Franz Stangl, the commander of the extermination camps of Sobibor and Treblinka who oversaw the murder of nearly one and a half million Jews, was another senior Nazi Ms. Heidenreich uncovered who followed the same path. Stangl was aided by Catholic church officials and eventually fled to Brazil on a false Red Cross passport. Stangl was eventually extradited to Germany in the 1960s and died in jail. Wagner met a different fate: he was never extradited and lived to old age in the Argentinian town of Bariloche, near Patagonia where he celebrated at weekly get-togethers in local beer halls, singing Nazi songs with other SS comrades who called Argentina home.

In addition to being ideologically sympathetic to Nazi ideology, Juan Peron also had a financial motive in bringing so many Nazis to his country. In 2005, drawing on government archives that had just been declassified, German journalist Gaby Weber found that Peron systematically used his government to launder money belonging to Nazi-owned companies, whose profits would otherwise have been seized as part of criminal investigations. In The German Connection: The Laundering of Nazi Money in Argentina, Ms. Weber estimates that value of the money laundering operation at well over one billion dollars.

A Mercedes-Benz plant in the suburbs of Buenos Aires might have been the center of the program bringing German wealth and former Nazis to Argentina, Ms. Weber uncovered. Adolf Eichmann worked at the plant, first under his own name, and later under an alias. According to Ms. Weber, Eichmann might have worked as a paymaster, “financing the movement and flight to Argentina” of other Nazis, before he was captured by Israeli forces in 1960, tried, and executed in 1962.

Otto Skorzeny

Otto Skorzeny, an SS commander who was known as Hitler’s favorite Nazi commando, is another senior Nazi figure who might have arranged for other Nazis to find homes in South America. Escaping from an Allied prison in 1947 with the help of local pro-Nazi citizens, Skorzeny moved to Madrid, where he ran an import/export agency that was rumored to be a front for organizing the escape of Nazis to South America. Skorzeny made numerous trips to Argentina, eventually working for a time as a bodyguard to Juan Peron’s wildly popular second wife, Eva, known as Evita.

Evita seems to have been an enthusiastic helper of Nazis in her own right. She was reported to have been romantically involved with Skorzeny, and also might have been active in laundering money from German Nazis. In 2011, Brazilian authors Leandro Narloch and Duda Teixeira wrote, “It is still suspected that among (Eva Peron’s) possessions, there were pieces of Nazi treasure that came from rich Jewish families killed in concentration camps.”

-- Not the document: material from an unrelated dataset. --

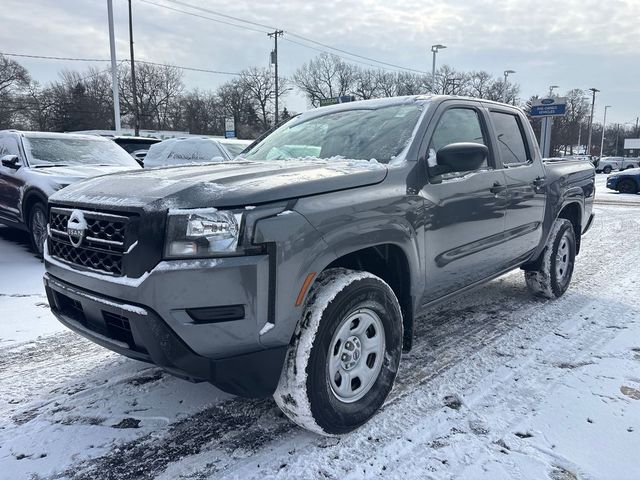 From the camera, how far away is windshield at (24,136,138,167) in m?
7.16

Nazis who eluded justice to find a haven in South America include

  • “Angel of Death” Josef Mengele, who conducted gruesome experiments at Auschwitz, and fled to Argentina in 1949. He moved to Paraguay in 1959 and Brazil in 1960; he drowned while swimming on a Brazilian beach in 1979.

  • SS Col. Walter Rauff, who invented mobile gas chambers that killed at least 100,000 people; he died in Chile in 1984.

  • Eduard Roschmann, known as the “Butcher of Riga”; he died in Paraguay in 1977.

  • “The Beast”, SS officer Gustav Wagner. He died in Brazil in 1980 after the supreme court blocked his extradition to Germany over paperwork.

  • Klaus Barbie, known as the “Butcher of Lyon.” The Gestapo chief in Lyon, France, contributed to the death of thousands of French Jews and members of the French resistance. He was smuggled into Bolivia, in part with American help, where he aided anti-communist efforts. He was finally extradited in 1983 and imprisoned in France.

The Torah commands “Justice, justice shall you pursue” (Deuteronomy 16:18). A generation ago, thousands of Nazis eluded justice by fleeing to South America. Today, as a new generation of historians delving into archives and other records, the truth about how so much of South America became a Nazi haven is being uncovered. It’s too late to try most of these Nazi war criminals but their victims, and all of us, deserve to know the truth about this dark chapter in South America’s past.